2. Ignoring the CBDT Circular dated 20.08.2018.
3. Applicability of Insolvency and Bankruptcy Code, 2016 (CIRP) on the tax proceedings.

Issue-wise Detailed Analysis:

1. Deletion of Addition under Section 68 of the Income Tax Act, 1961:
The primary issue in the appeal is the deletion of an addition of Rs. 2,75,15,116/- made under Section 68 of the Income Tax Act, 1961 concerning sundry creditors. The assessee had declared an income of Rs. 32,19,20,154/- for the assessment year 2011-12, and the Assessing Officer (AO) added Rs. 2,75,15,116/- to the income, treating 50% of the sundry creditors as bogus due to non-response to notices issued under Section 133(6) of the Act.

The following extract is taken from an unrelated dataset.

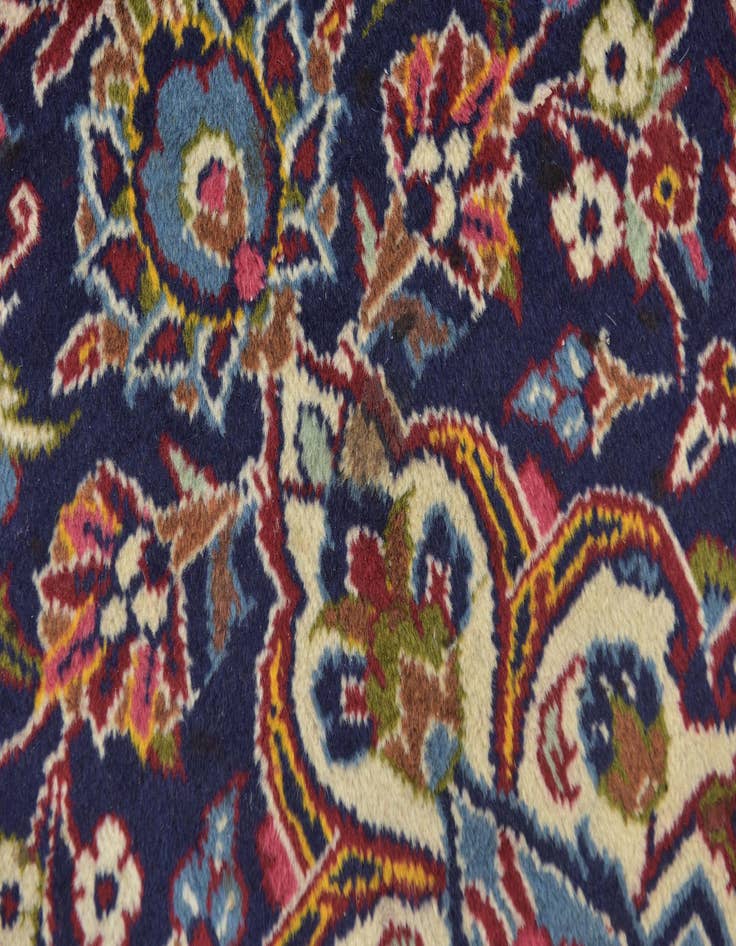 Detail image of  9' 9 x 13' 4  Hand Knotted Kashan Persian Wool Rug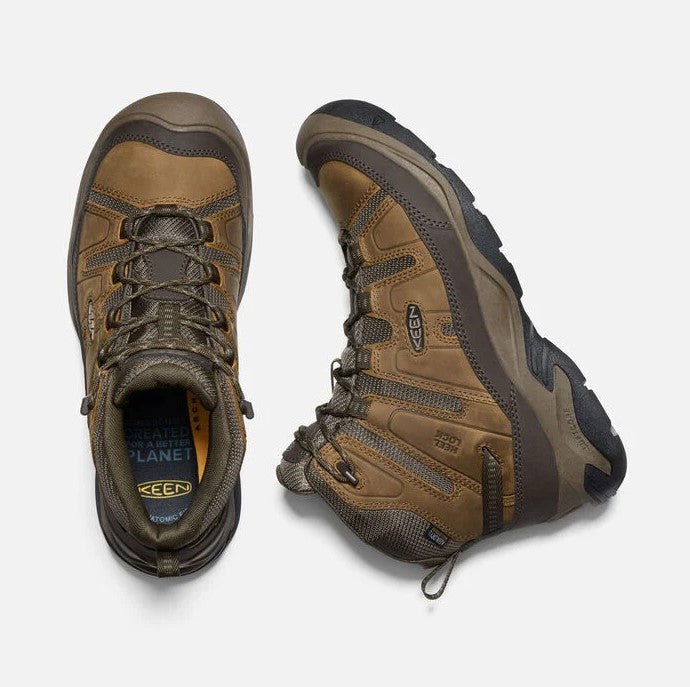 KEEN Circadia Mid WP Waterproof Hiking Boots for Men - Durable & Comfortable Outdoor Shoes for Trekking, Camping & Trail Walking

The CIT(A) deleted this addition after considering additional evidence submitted by the assessee and a remand report from the AO. The Tribunal upheld CIT(A)'s decision, noting that the AO's conclusion was based on assumptions without any concrete evidence of the creditors being non-genuine. The Tribunal emphasized that the purchases were accepted, and the opening balances were not disputed, thus making the addition unjustified.

2. Ignoring the CBDT Circular dated 20.08.2018:
The Revenue contended that the CIT(A) ignored the CBDT Circular in F. 279/Misc. 142/2007-ITJ(Pt.) dated 20.08.2018. However, the Tribunal did not find any specific discussion or reliance on this circular in the CIT(A)'s order or the arguments presented. The Tribunal focused on the factual correctness and the legal principles applicable to the case, rather than the procedural aspects highlighted by the Revenue.

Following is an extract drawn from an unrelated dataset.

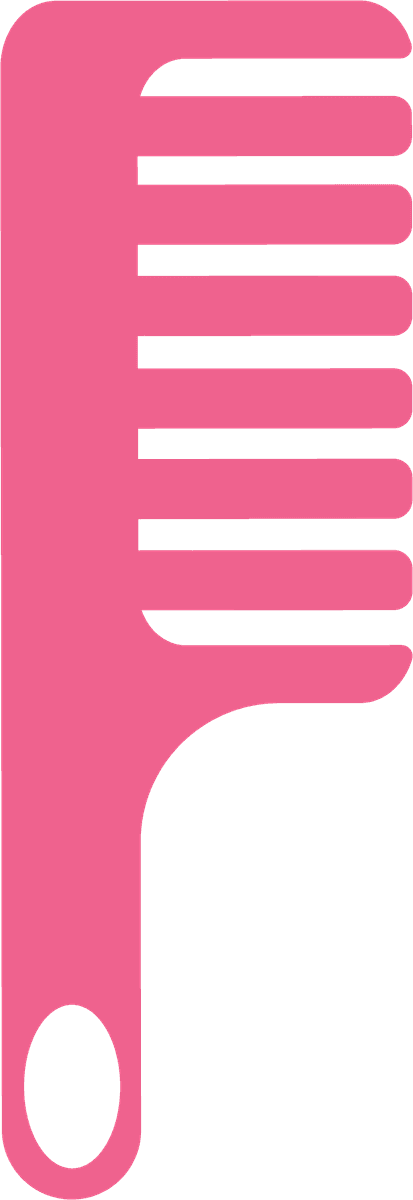pink make up icon representing a stylish and modern comb for beauty enthusiasts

3. Applicability of Insolvency and Bankruptcy Code, 2016 (CIRP) on the Tax Proceedings:
The assessee company had been ordered for liquidation by the National Company Law Tribunal (NCLT) under Section 33(2) of the Insolvency and Bankruptcy Code, 2016 (CIRP). The Tribunal noted that as per Section 53(1) of the Code, the proceeds from the sale of liquidation assets must be distributed in a specified order of priority, which places CIRP and liquidation costs, wages, and secured creditors above tax dues. The Tribunal also referred to the Supreme Court decision in the case of CIT vs Moser Baer India Limited, which held that no tax liability can be collected from a company under liquidation. The Tribunal affirmed that the provisions of the Insolvency and Bankruptcy Code, 2016, have an overriding effect over other statutes, including the Income Tax Act, 1961, as per Section 238 of the Code. Consequently, the Tribunal dismissed the Revenue's appeal, stating that the tax proceedings would be overridden by the liquidation process under the CIRP code.

Conclusion:
The Tribunal dismissed the Revenue's appeal, affirming the CIT(A)'s deletion of the addition under Section 68 of the Income Tax Act, 1961, and acknowledged the overriding effect of the Insolvency and Bankruptcy Code, 2016, on the tax proceedings. The Tribunal emphasized that the parties could exercise their remedies under the Insolvency and Bankruptcy Code, 2016.